- **THE PROBLEM**: Skipping all pictures, please restate word for word the lines from the one that contains "Ngân Hàng / Thẻ Thiếc" through the last line of the entries.

Stored dataset items:
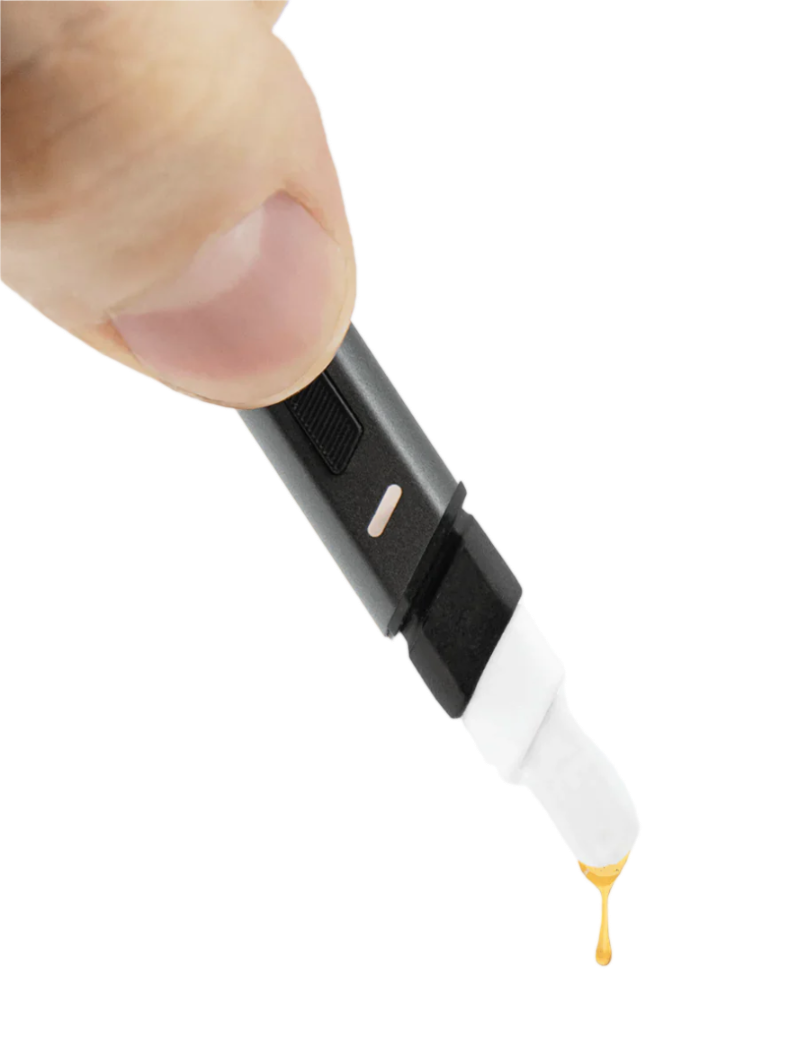 Puffco Hot Knife Heated Electric Dab Tool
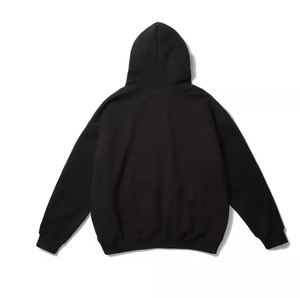 Sudaderas con Capucha para Hombre, Elegantes, con Ojales Metálicos y Cordones con Punta, Estilo de Alta Gama a Precios Muy Bajos Hoy - Product Image 4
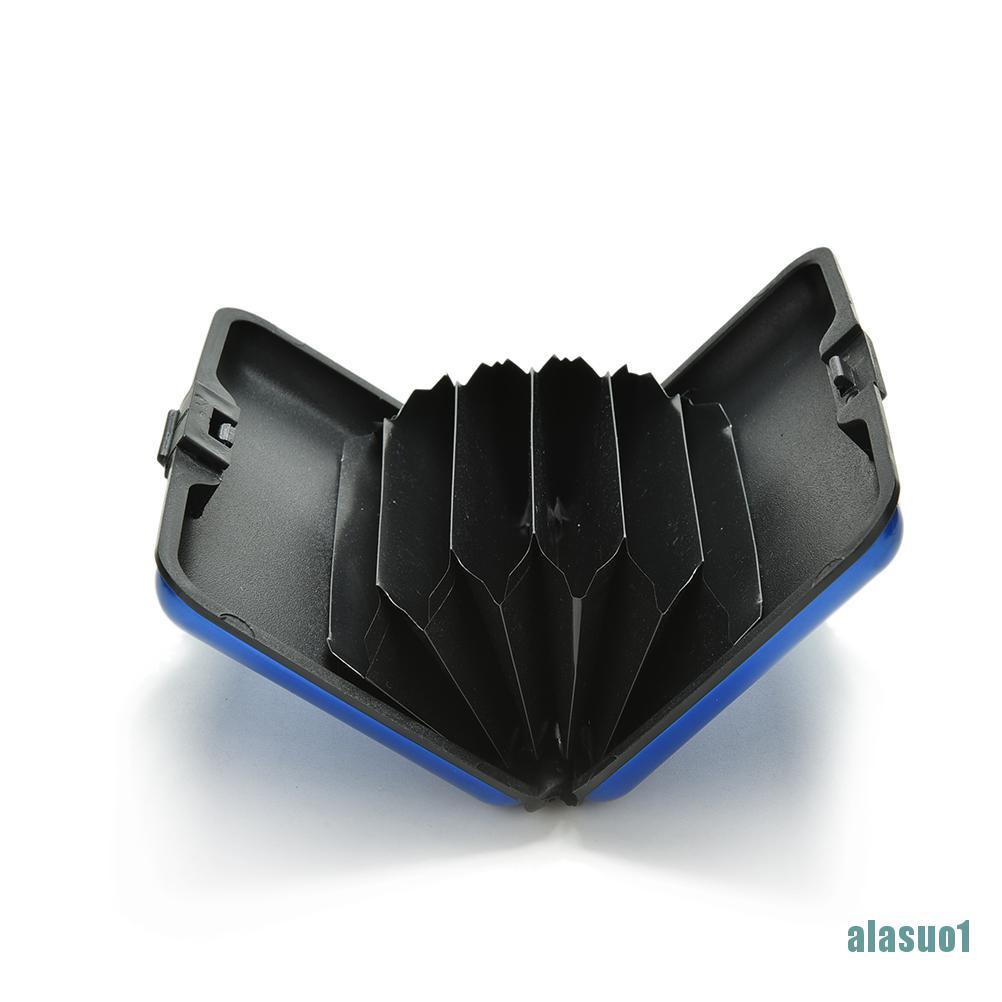 Ngân Hàng / Thẻ Thiếc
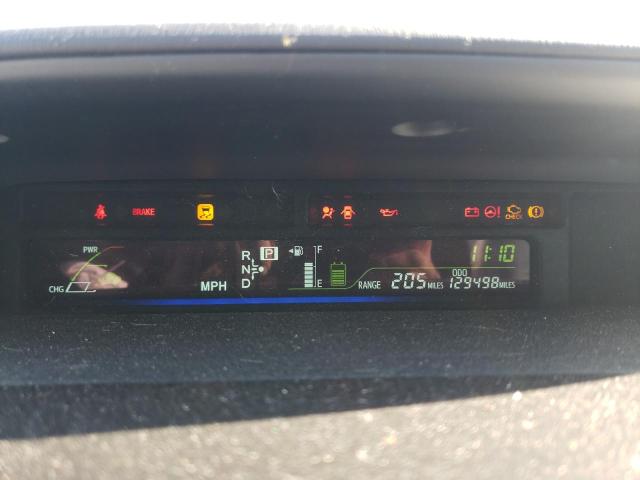 Photo 9 from auction – 2014 TOYOTA PRIUS V with VIN JTDZN3EU6E3316451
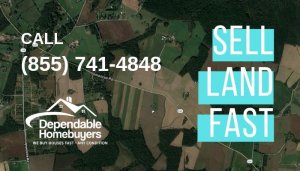 We will buy your South Carolina Land in Any Condition or Situation! Call (855) 741-4848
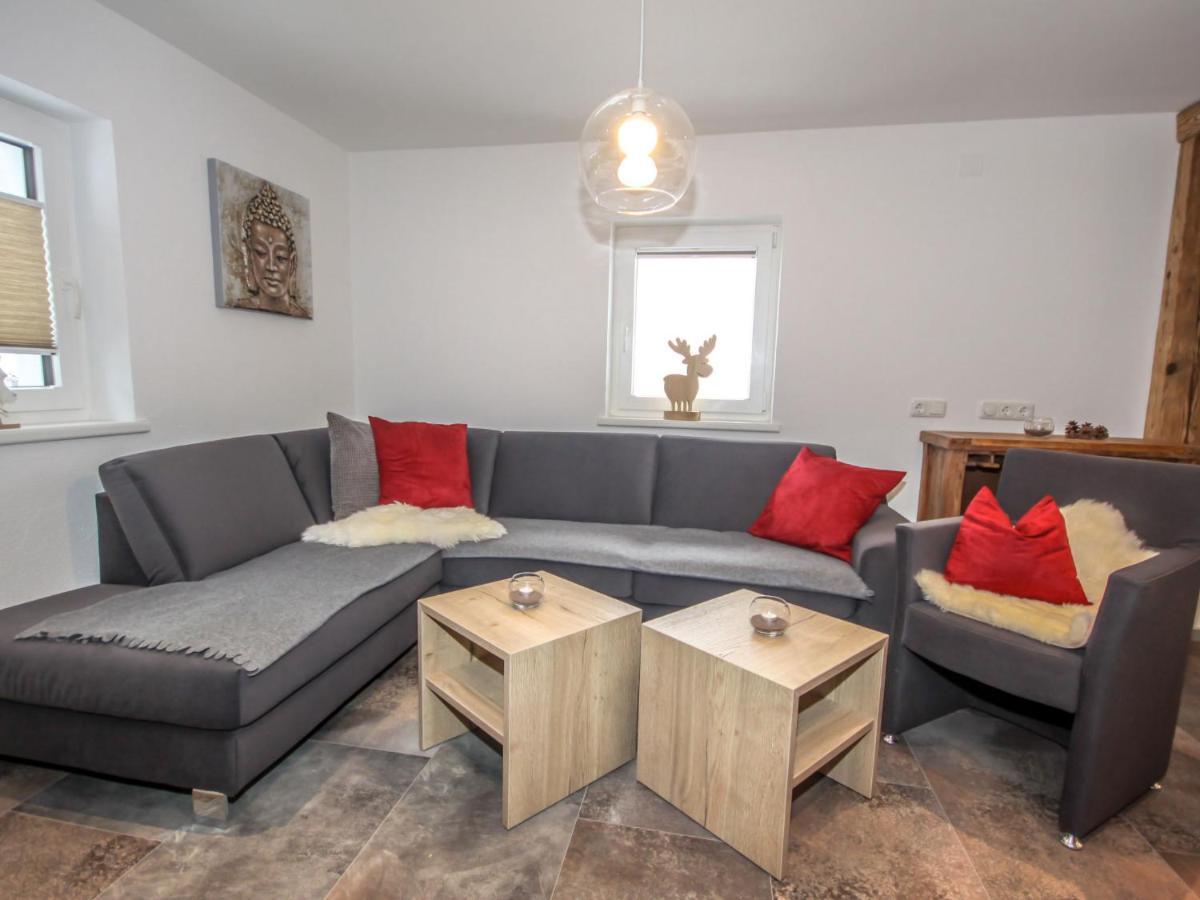 Holiday Home Machreich By Interhome Hundsdorf  Ngoại thất bức ảnh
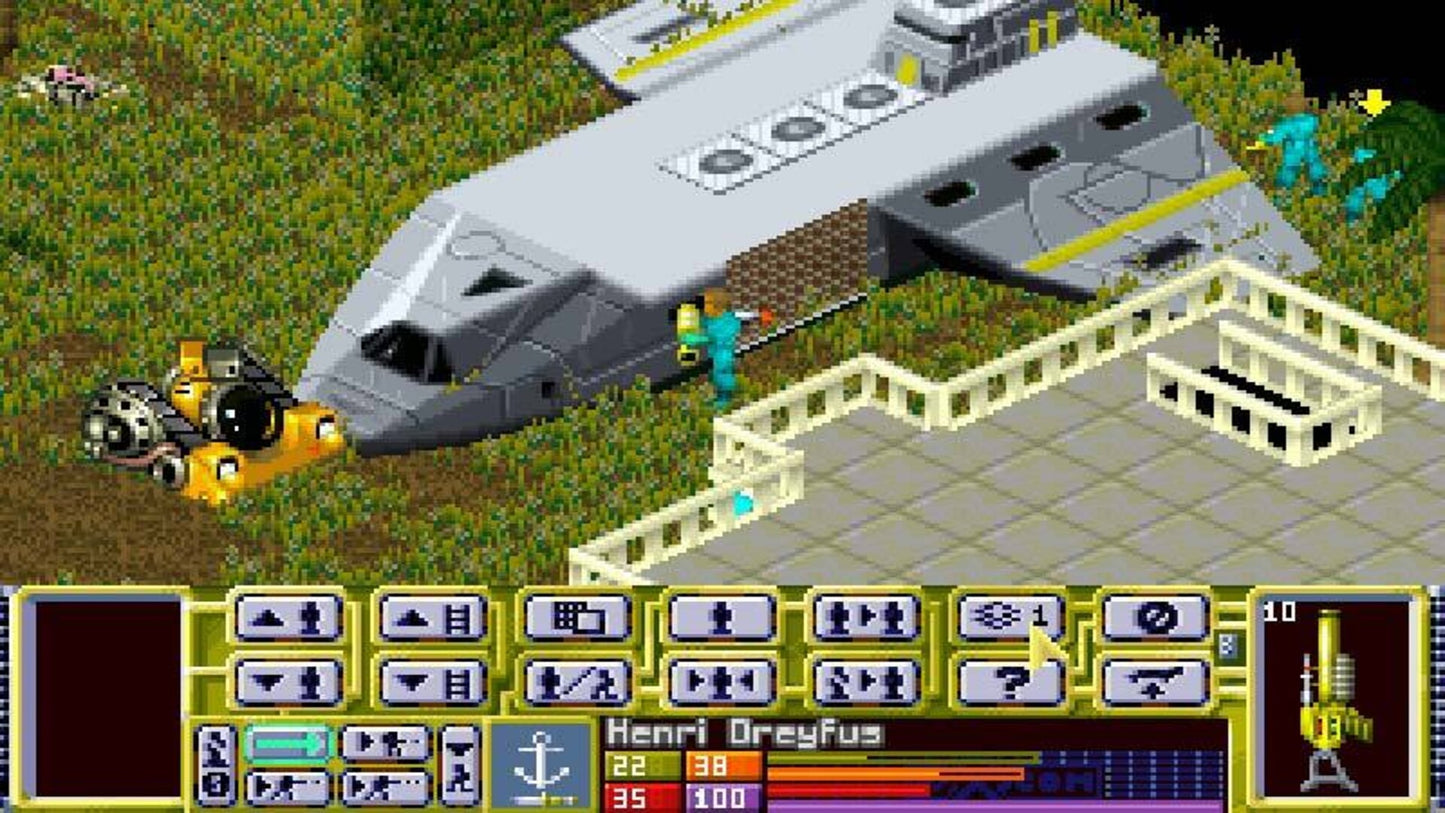 X-COM: Complete Pack Steam Key GLOBAL  [Email/Instant Delivery]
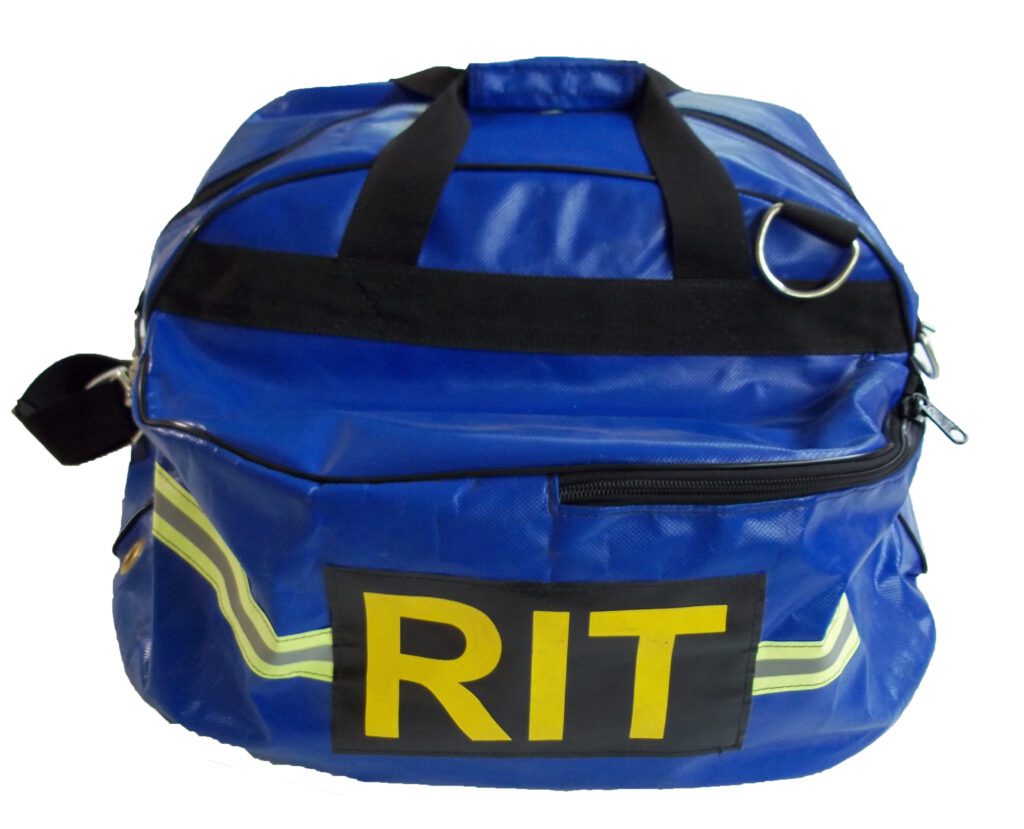 Avon Manufacturing Combo Rope n Tool Bag
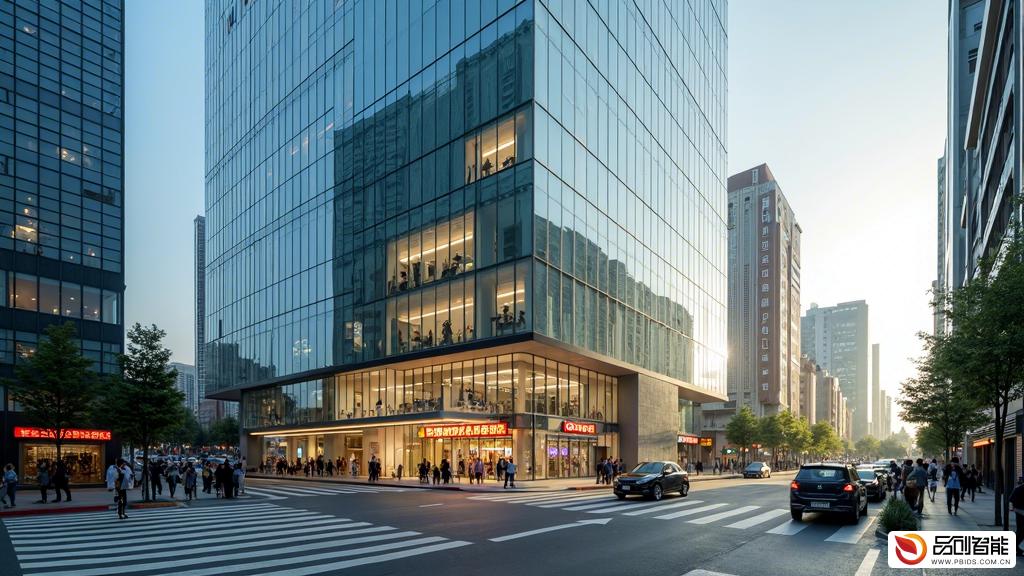宁波市医疗供应链区块链平台集团的革新之路
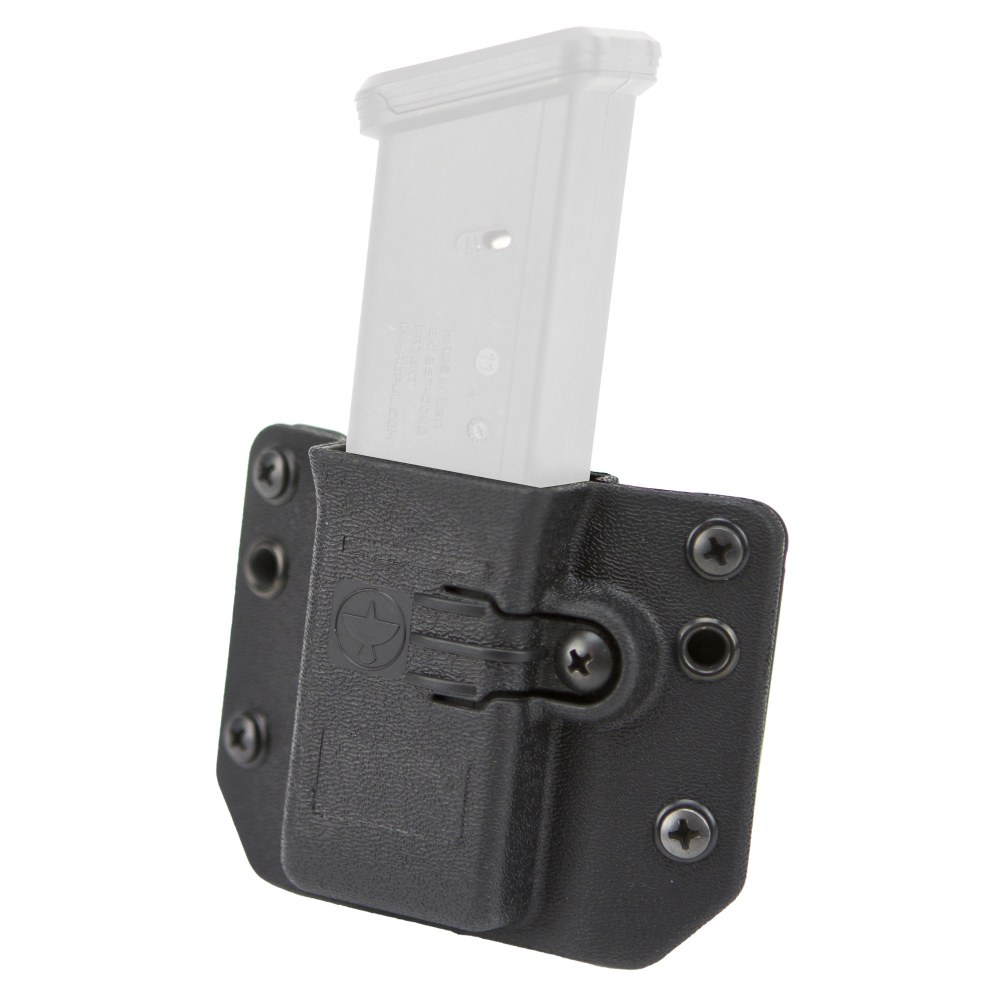 RAVEN COPIA DBL PSTL MAG CARIER STND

- **OUTPUT OF THE EXERCISE**:
 Ngân Hàng / Thẻ Thiếc
 Photo 9 from auction – 2014 TOYOTA PRIUS V with VIN JTDZN3EU6E3316451
 We will buy your South Carolina Land in Any Condition or Situation! Call (855) 741-4848
 Holiday Home Machreich By Interhome Hundsdorf  Ngoại thất bức ảnh
 X-COM: Complete Pack Steam Key GLOBAL  [Email/Instant Delivery]
 Avon Manufacturing Combo Rope n Tool Bag
宁波市医疗供应链区块链平台集团的革新之路
 RAVEN COPIA DBL PSTL MAG CARIER STND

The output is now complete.